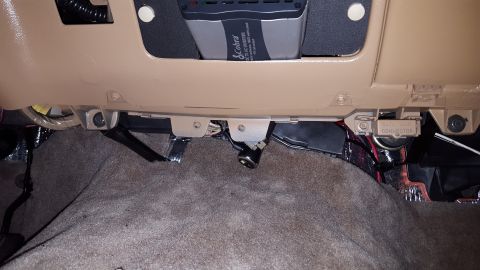 1996 Ford Bronco - This is an interior shot of a vehicle's dashboard, showing a Cobra DC to AC inverter mounted above a data link connector. The area below th…
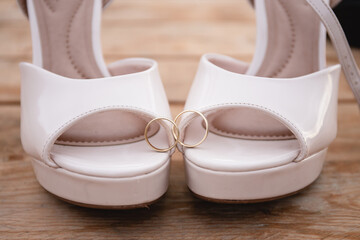 Engagement rings on a wooden background in front of the shoes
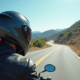 Motocycliste casque intégral en mouvement sur route panoramique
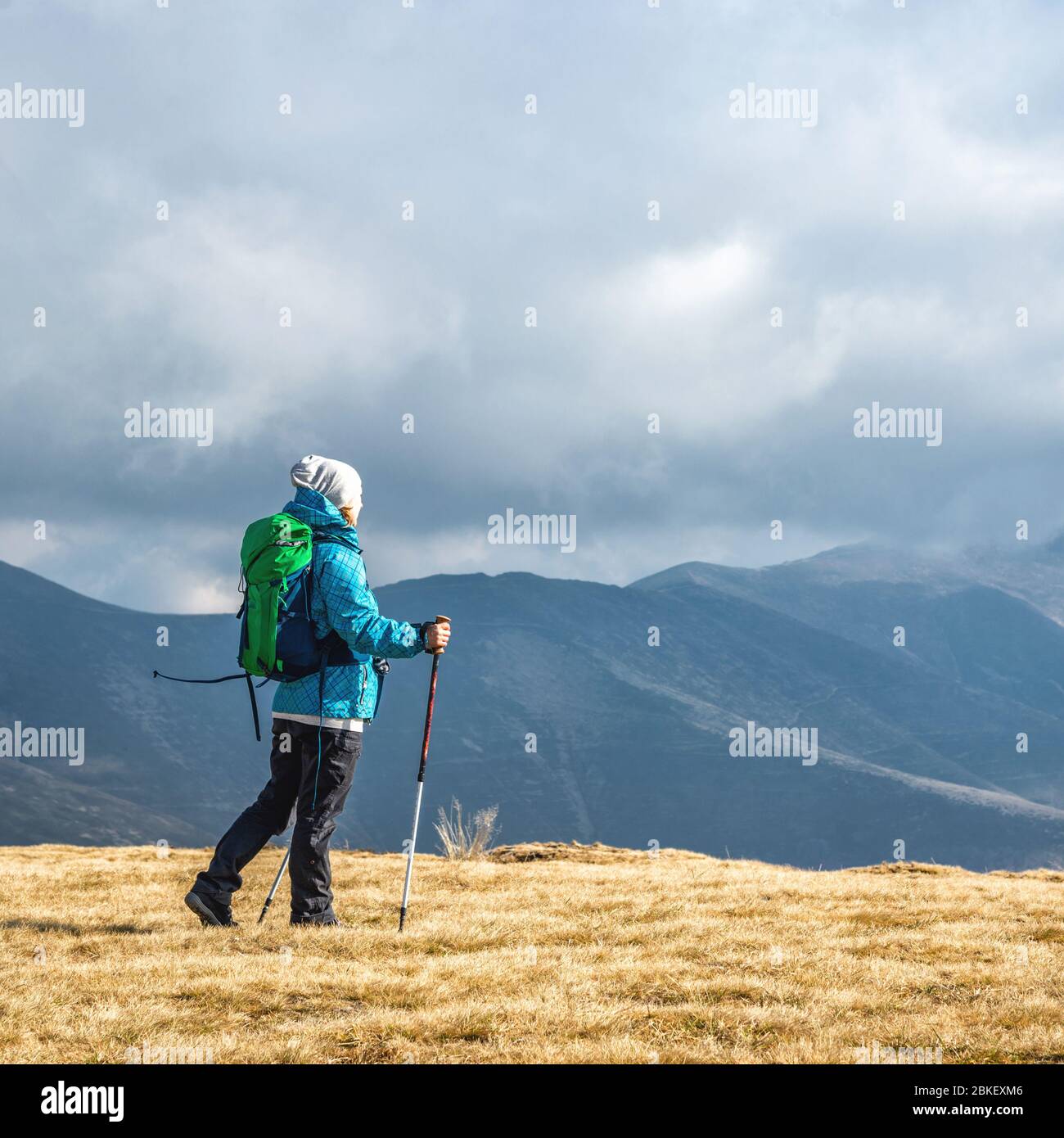 Young woman hiking in the mountains Stock Photo - Alamy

+++++

* Exercise prompt *
Every line from the one containing "Motocycliste casque intégral" through the last line of the data, both included, is to be repeated exactly; the pictures are to be left out.

* Exercise response *
 Motocycliste casque intégral en mouvement sur route panoramique
 Young woman hiking in the mountains Stock Photo - Alamy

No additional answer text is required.